How have you managed to model your AI on animals and what are the key differences between animals and AI?
The training of Neurala co-founders was strictly centered around reproducing brain-like decision-making and learning in software, paying attention to how animals and humans perform and to their anatomy and physiology. This was radically different from the dominant AI of the time, where there was no interest at all in replicating the fine architecture and functioning of nervous systems. It was seen as a lack of pragmatism. We saw it instead as a hard way to solve AI but the one with the biggest return on investment. I am happy to say that it paid off, and today we can say that the difference between AI and animals or human anatomy and physiology is shrinking.
Is there a favorite project that you have worked on, what is it and why?
Our favourite projects are ongoing! We are working with multiple world-leading consumer electronics companies in different verticals. It is an exciting time, transitioning from technology creation to fielding real-world applications. We are looking forward to saying that Neurala has deployed the largest number of AI brains on planet Earth. After working on Mars problems, we can’t ignore the irony of that statement.
As an established player what advice would you give to new market entrants?
Don’t be a copycat. Don’t follow the trends, but be bold and establish them. Don’t care too much about what other people say. To be ahead of the curve means to be controversial and sometimes a bit crazy, but if you are right and have the resilience to withstand the effort, adversities and closed doors, eventually you will succeed. I see many AI companies today popping out of nowhere claiming to be the “AI for X” and the “AI for Y,” but sometimes there is little substance behind the claims. Downloading a package from the web and loading a particular data set does not build a durable AI company. Technological differentiation and creative business models do.
Also, the time is ripe for robotics and AI to be “married.” For so many years, they have been running on parallel tracks, with brain-based AI and robotics rarely meeting in a real-world application.
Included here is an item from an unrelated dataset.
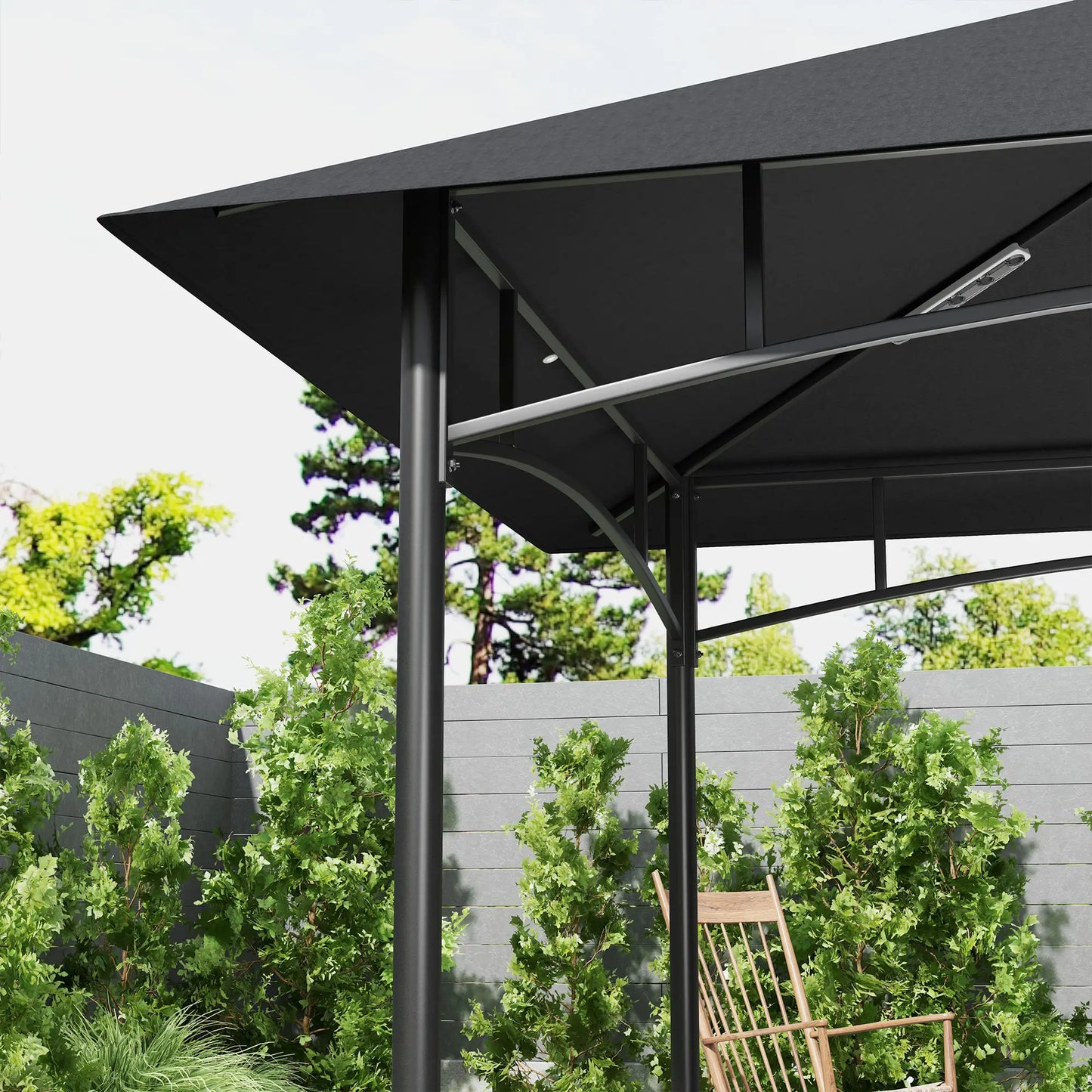 8' x 5' BBQ Gazebo, 2-Tier With Shelves, Storage Basket, Dark Grey BBQ Grill Gazebos at Gallery Canada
Today, that chasm has been crossed, and brain-based AI is a prime technology to propel the robotic industry forward, where machines will slowly require less and less from humans to operate, leaving our minds free to perform tasks that are still outside of the realm of AI.
Real-time learning in the robot is the next big revolution, where customers will receive machines that will slowly but steadily tailor to their needs, day after day, learning how humans do. As humans, we never turn off learning. Neither should machines, if they want to be really useful.